WHAT YOU WILL DO: Exact transcription begins at the first line of the material below and ends with the line holding "Классификация вегетативных Ре."; pictures are skipped.

PROVIDED DATA:
=== Section Start ===
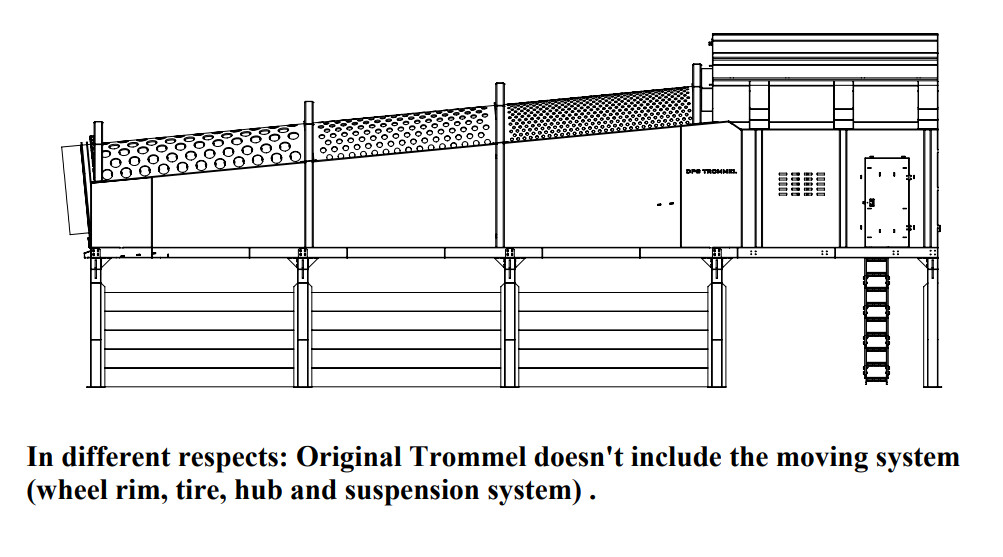 TROMMEL RC DPS 1/14 SCALE
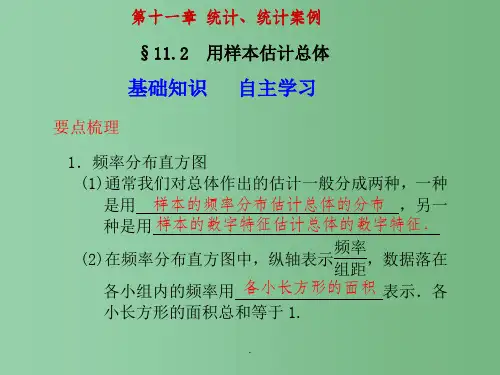 高三数学一轮复习 第十一章 统计、统计案例 11.2用样本估计总体课件 新人教B版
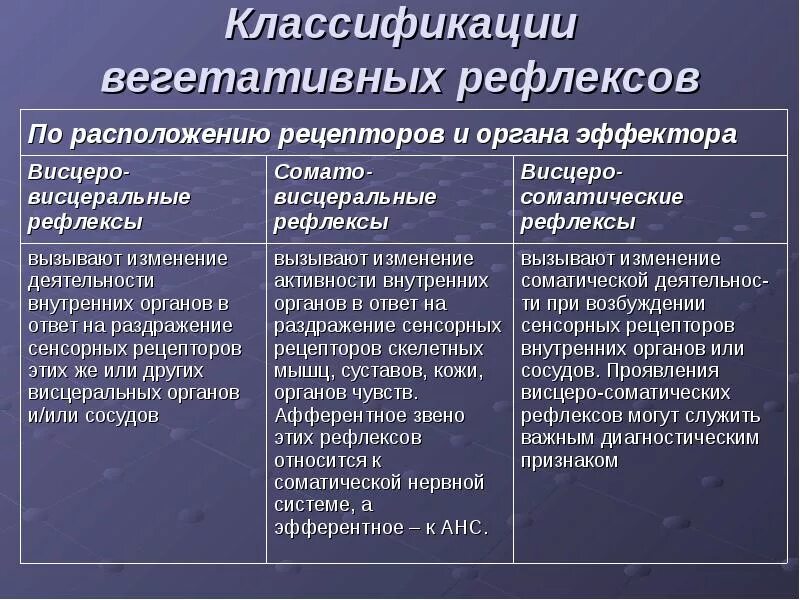 Классификация вегетативных Ре. Вегетативные рефлексы их классификация. Характеристика вегетативных рефлексов. Классификация висцеральных рефлексов.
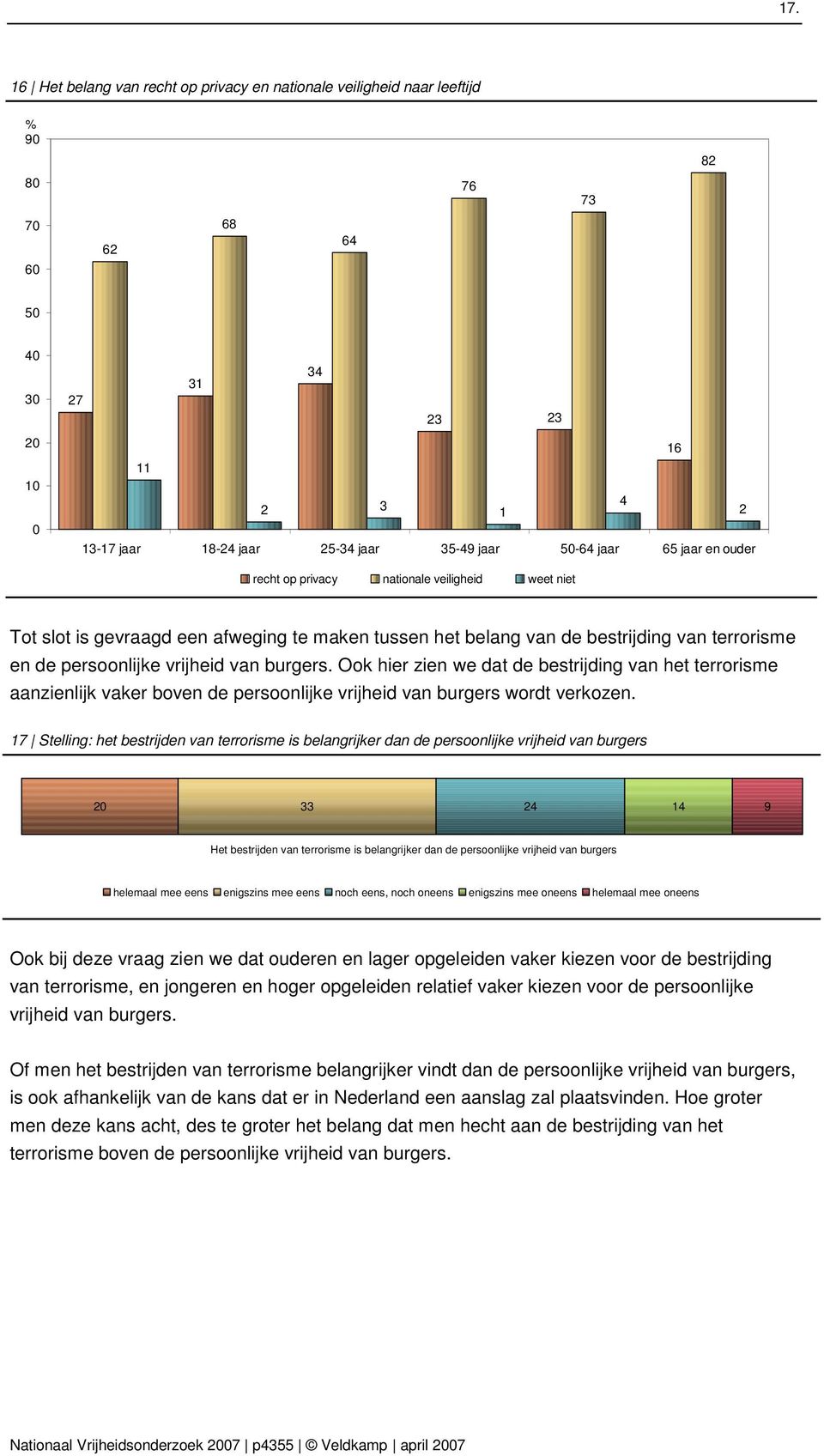 van burgers. Ook hier zien we dat de bestrijding van het terrorisme aanzienlijk vaker boven de persoonlijke vrijheid van burgers wordt verkozen.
=== Section End ===
WRITTEN REPLY:
 TROMMEL RC DPS 1/14 SCALE
 高三数学一轮复习 第十一章 统计、统计案例 11.2用样本估计总体课件 新人教B版
 Классификация вегетативных Ре. Вегетативные рефлексы их классификация. Характеристика вегетативных рефлексов. Классификация висцеральных рефлексов.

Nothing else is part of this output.